Вот, помню, мэр Красноярска Пимашков дал слово привести за несколько лет набережную Качи в порядок. Я одну знакомую привела в тот район и говорю: «Сейчас закрой глаза, я тебя подведу к берегу, и ты увидишь кое-что». Она давно не была в наших краях. Открыла глаза, и это изумление надо было видеть. Пимашков слово сдержал. А мы что творим? Поставили нам урны рядом с беседками, никуда ходить не надо: выпил пиво и брось банку в урну. Как бы не так! Дворники не успевают справляться. Вот оно наше гражданское общество. А начать его строительство надо с мелочей. Нам до этого ещё далеко. Мы пока только знаем, что такое общество гражданское может быть. Но никто его нам не подарит.

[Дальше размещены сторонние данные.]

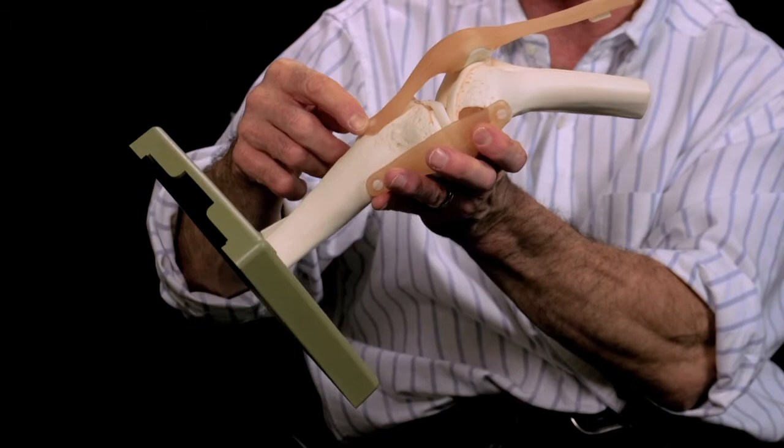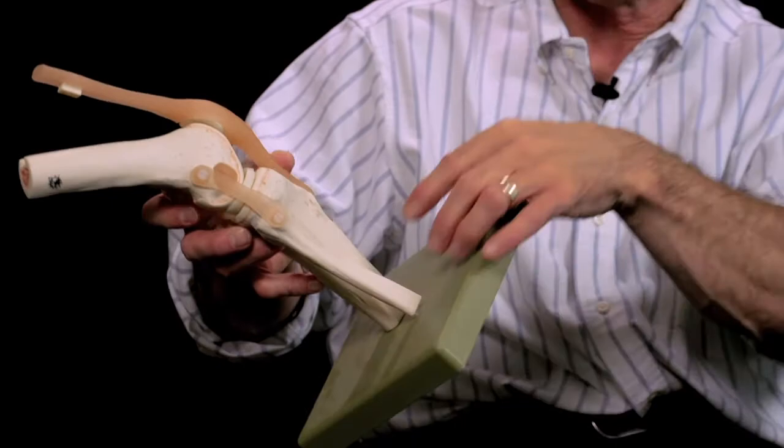Another indication that anterior medialization can be done for is patella instability. The kneecap is v-shaped and should ride in the groove of the femur, but for some patients their kneecap is tilted and shifted to the outside, or what's called subluxed. What has the best chance is to shift the insertion of the kneecap to the inside.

Я часто вспоминаю этюд Марка Розовского. На сцену выходят один за другим люди-человеки, бредут по кругу, не смотрят друг на друга  и хором повторяют: «Что я могу сделать один?». Нет, чтобы остановиться, посмотреть по сторонам и сказать: «Мужики и бабы, ну давайте соберёмся! Подумаем давайте: что мы можем сделать?».

– Ну и вопрос под занавес: что ты предпочтёшь, если придётся делать выбор: золотую клетку или свободу в лохмотьях?
– Лохмотья. Не люблю замкнутых пространств.

– А какого качества ты бы лишила всё человечество?
– Ненависти.

– Главное заблуждение твоей жизни, оставшееся в прошлом?
– То, что надо, прежде всего, думать о других. Прежде всего, нужно думать о себе, чтобы не совершить ошибок по отношению к другим.

– В чем смысл твоей жизни?
– Можно сказать об этом словами из произведения Островского «Как закалялась сталь»: смысл жизни – прожить её так, чтобы не было мучительно больно за бесцельно прожитые годы. Делать побольше добра, поменьше зла, построже спрашивать с других и ещё строже с себя.